Les deux suspects formaient un duo structuré, opérant selon un mode d’action particulièrement élaboré. De nuit, ils sillonnaient plusieurs quartiers de Ouagadougou à moto, notamment Ouaga 2000 et ses environs, la zone de Salitas, Sabtoana, l’extension sud de Ouaga 2000, ainsi que les quartiers Garghin, Nagrin, Bonheur-ville, Kouritenga et Paglayiri.
Leur stratégie consistait à cibler des personnes isolées, à bord de véhicules ou de motos en stationnement. Se présentant tour à tour comme policiers, gendarmes ou agents du renseignement, ils abordaient leurs victimes en prétendant être envoyés pour un contrôle de sécurité. Pour rendre leur discours crédible, ils évoquaient une prétendue surveillance par drone et interrogeaient leurs interlocuteurs sur les raisons de leur présence sur les lieux.

Ils allaient jusqu’à accuser les victimes de comportements jugés immoraux, qu’ils opposaient à l’engagement des forces combattant le terrorisme sur le terrain. Pris au dépourvu et intimidés, plusieurs victimes reconnaissaient leur situation et sollicitaient la clémence de leurs faux interlocuteurs.
C’est à ce moment que commençait l’extorsion. Profitant de leur ascendant psychologique, les malfaiteurs exigeaient des sommes d’argent sous la menace d’appeler un renfort censé conduire les victimes à une base de sécurité, voire au front. En cas de résistance, certaines personnes étaient soumises à des brimades, à des exercices physiques humiliants, voire contraintes à se dévêtir ou à des actes dégradants, parfois sous la menace d’une arme. Ces scènes étaient enregistrées à l’aide de téléphones.
Les victimes étaient ensuite forcées de remettre l’argent liquide en leur possession ou de transférer des fonds via des services de mobile money, les codes étant obtenus sous contrainte. Les montants extorqués variaient généralement entre 500 000 et 2 000 000 de francs CFA, avec parfois des négociations. Dans certains cas, les malfaiteurs accompagnaient leurs victimes dans des points de retrait pour récupérer les sommes exigées.

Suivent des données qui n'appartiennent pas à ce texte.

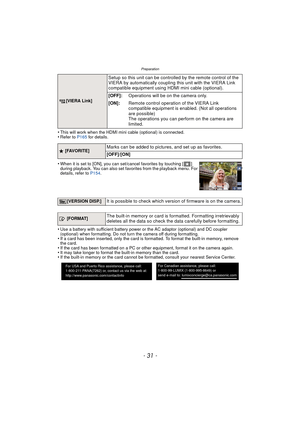 Page 31- 31 -
Preparation
•This will work when the HDMI mini cable (optional) is connected.•Refer to P165 for details.
•When it is set to [ON], you can set/cancel favorites by touching [ ] 
during playback. You can also set favorites from the playback menu. For 
details, refer to  P154.
•Use a battery with sufficient battery power or the AC adaptor (optional) and DC coupler 
(optional) when formatting. Do not turn the camera off during formatting.
•If a card has been inserted, only the card is formatted. To...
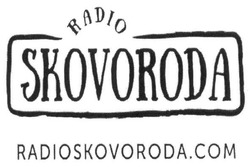 Свідоцтво торговельну марку № 220303 (заявка m201614847В): radio skovoroda; radioskovoroda.com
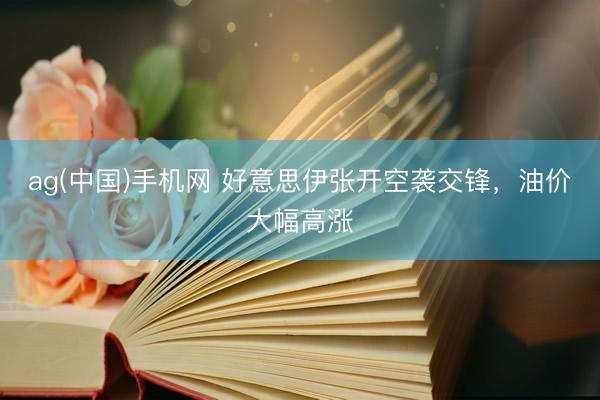 ag(中国)手机网 好意思伊张开空袭交锋，油价大幅高涨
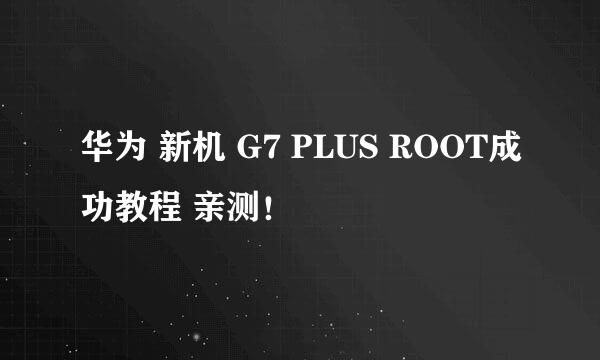 华为 新机 G7 PLUS ROOT成功教程 亲测！
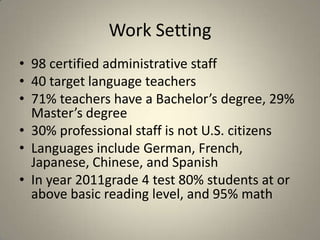 Work Setting
• 98 certified administrative staff
• 40 target language teachers
• 71% teachers have a Bachelor’s degree, 29%
  Master’s degree
• 30% professional staff is not U.S. citizens
• Languages include German, French,
  Japanese, Chinese, and Spanish
• In year 2011grade 4 test 80% students at or
  above basic reading level, and 95% math
 
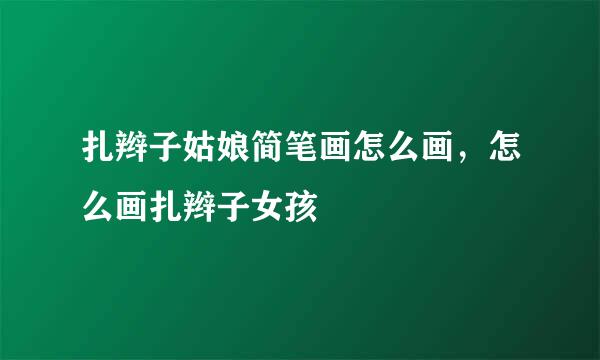 扎辫子姑娘简笔画怎么画，怎么画扎辫子女孩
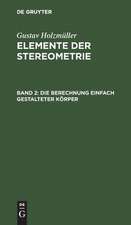 Die Berechnung einfach gestalteter Körper: aus: Elemente der Stereometrie, 2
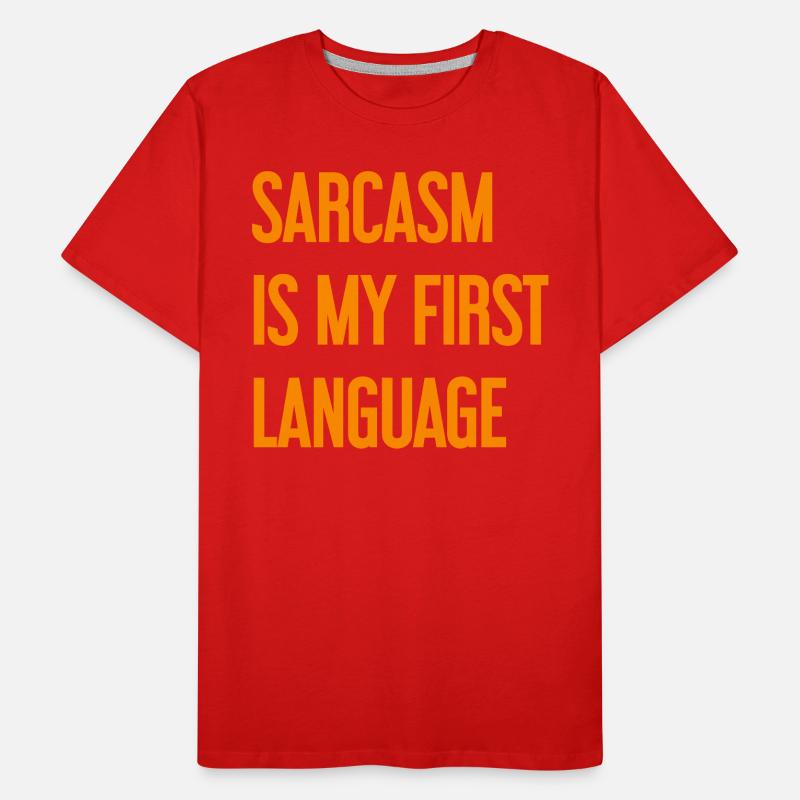 Sarcasm Pro Men's Premium Organic T-Shirt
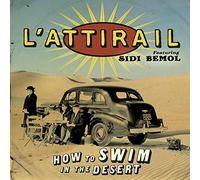 L'Attirail - How to swim in the desert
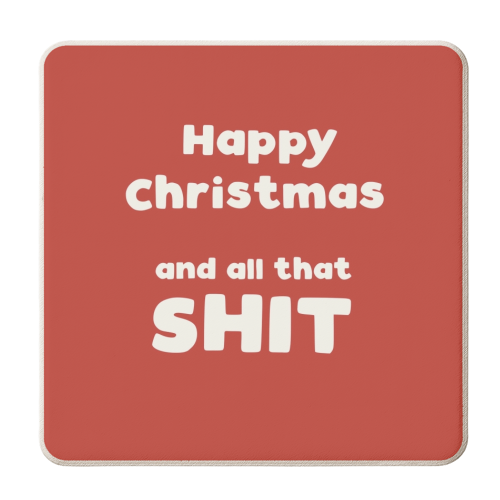 Happy Christmas and all that shit - personalised beer coaster by Giddy Kipper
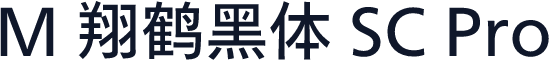 M 翔鹤黑体 SC Pro
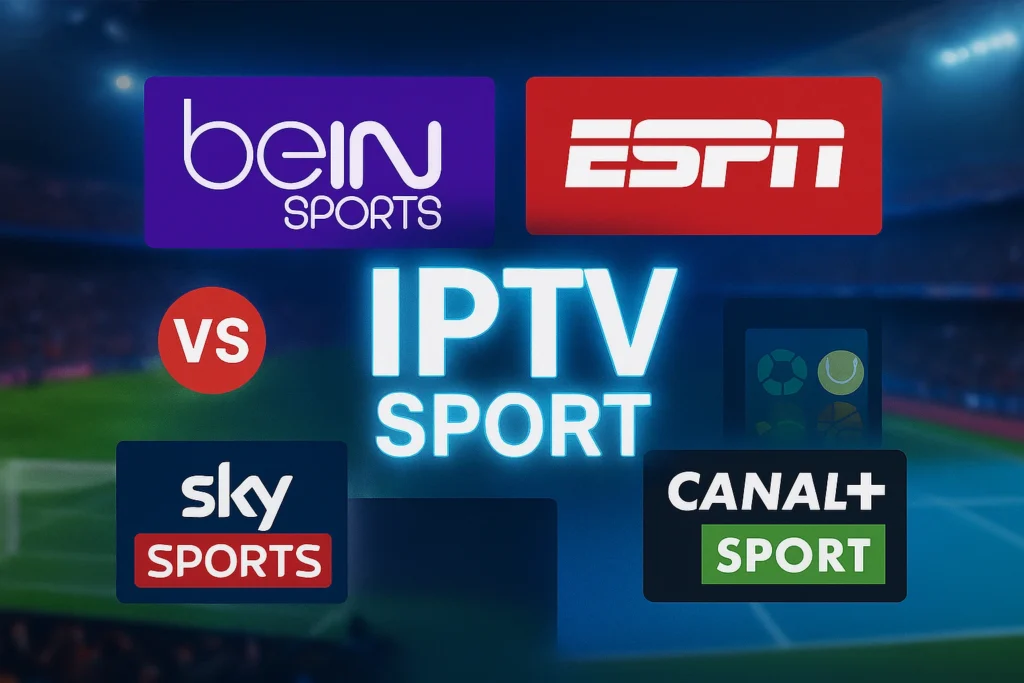 abonnement iptv chaines sportives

Il arrivait également que les suspects relâchent leurs victimes avant de les recontacter pour réclamer le solde convenu. En cas de refus, des vidéos compromettantes leur étaient envoyées, accompagnées de menaces de diffusion. Les femmes prises pour cibles faisaient aussi l’objet de pressions, les suspects les menaçant d’alerter leurs conjoints ou de se rendre à leur domicile.
Les investigations ont permis d’établir que, sur la période allant de fin mai à novembre 2025, le préjudice causé par ce réseau dépasse 21 millions de francs CFA, dont plus de 18 millions issus de transactions via mobile money et plus de 3 millions en espèces. Les gains étaient partagés entre les deux individus, qui menaient un train de vie élevé, avec notamment l’achat d’une parcelle, de deux hangars au marché de Nagrin, de motos, de téléphones portables et divers équipements domestiques.

Grâce à la collaboration des populations, les enquêteurs ont pu saisir deux motos, un téléphone portable ainsi que plusieurs cartes SIM utilisées dans leurs activités.
La Police Nationale remercie les citoyens pour leur vigilance et leur coopération constante avec les Forces de Défense et de Sécurité. Elle invite la population à redoubler de prudence et à signaler tout comportement suspect en appelant les numéros verts 17, 16 ou 1010.